## HOW TO COMPLETE THIS TASK
Skip the pictures and write out, word for word, the lines below from the one with "8800 Ravenna Avenue NE Seattle WA 98115" through the one with "Hot Wheels Toyota", inclusive.

## GIVEN INFORMATION
***

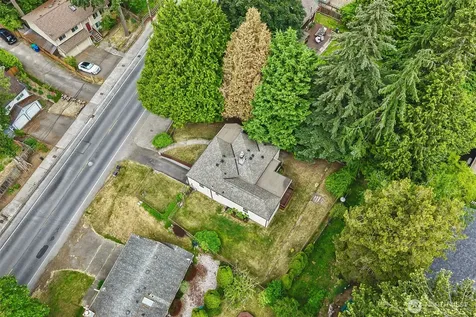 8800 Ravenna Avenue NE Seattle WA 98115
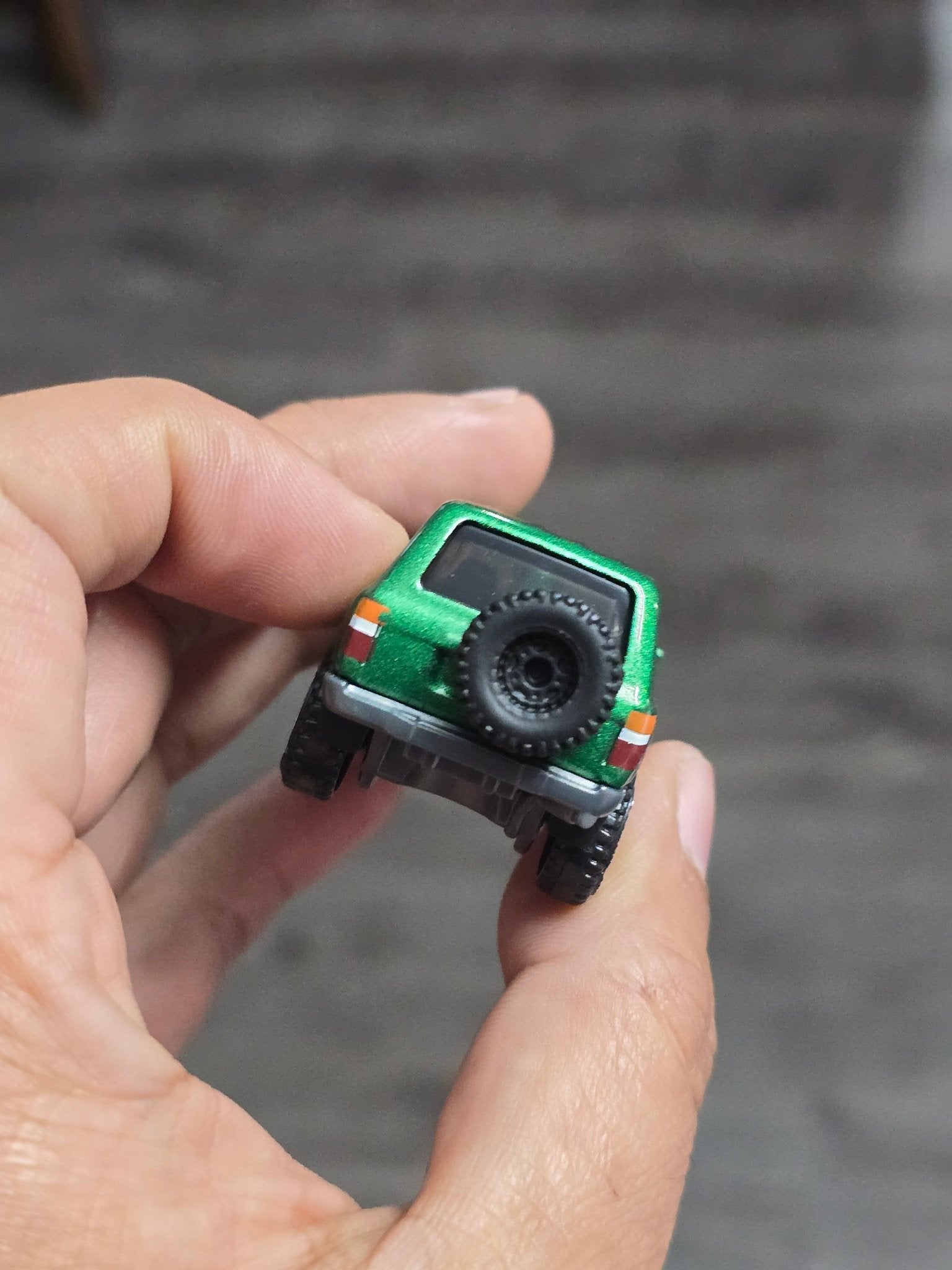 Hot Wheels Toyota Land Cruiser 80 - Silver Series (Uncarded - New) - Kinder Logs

***

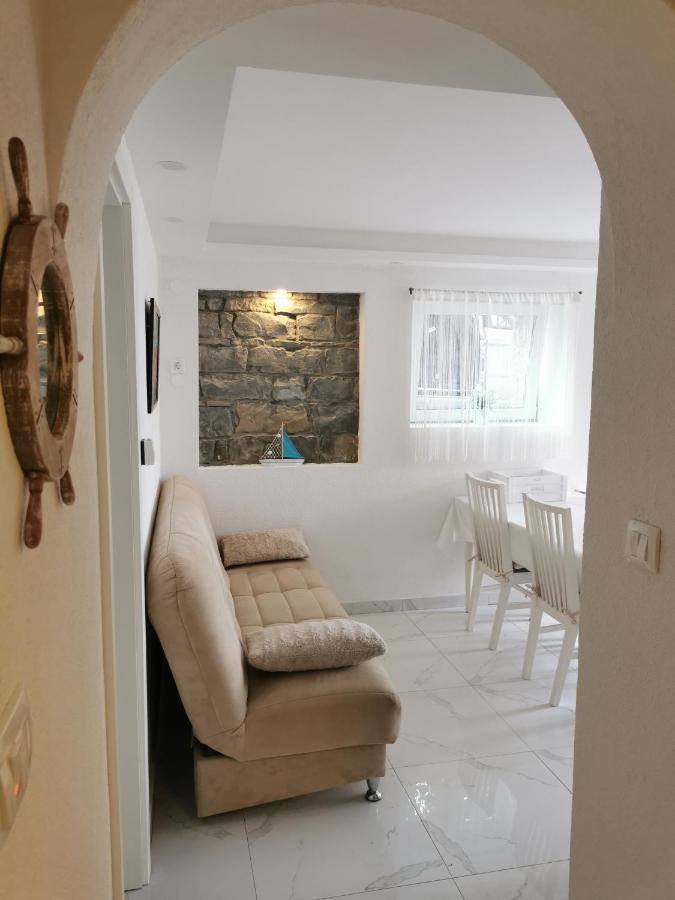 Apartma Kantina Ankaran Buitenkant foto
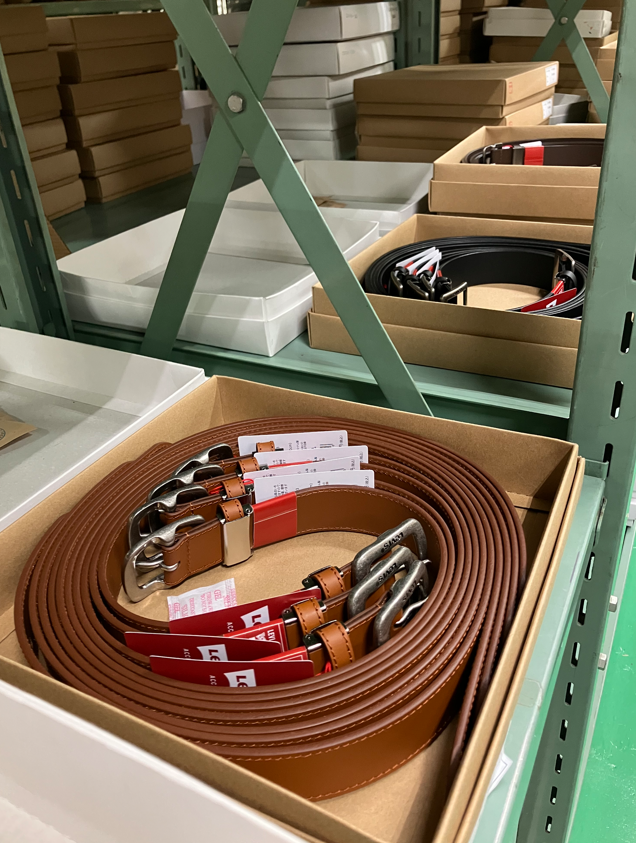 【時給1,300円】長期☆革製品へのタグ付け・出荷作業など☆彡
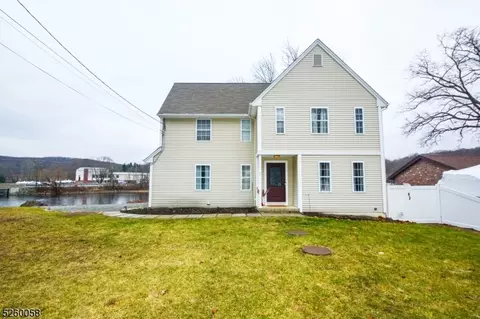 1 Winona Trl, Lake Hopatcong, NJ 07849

***

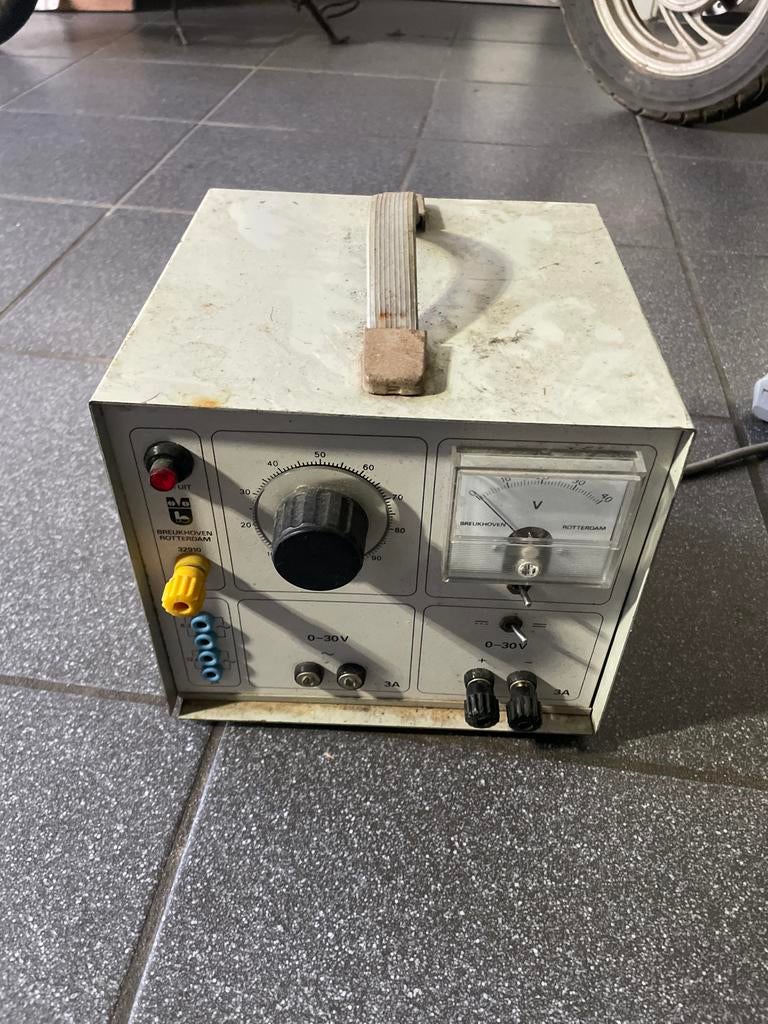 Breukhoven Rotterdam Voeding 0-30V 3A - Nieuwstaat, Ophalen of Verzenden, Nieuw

***

## ANSWER BELOW
 8800 Ravenna Avenue NE Seattle WA 98115
 Hot Wheels Toyota Land Cruiser 80 - Silver Series (Uncarded - New) - Kinder Logs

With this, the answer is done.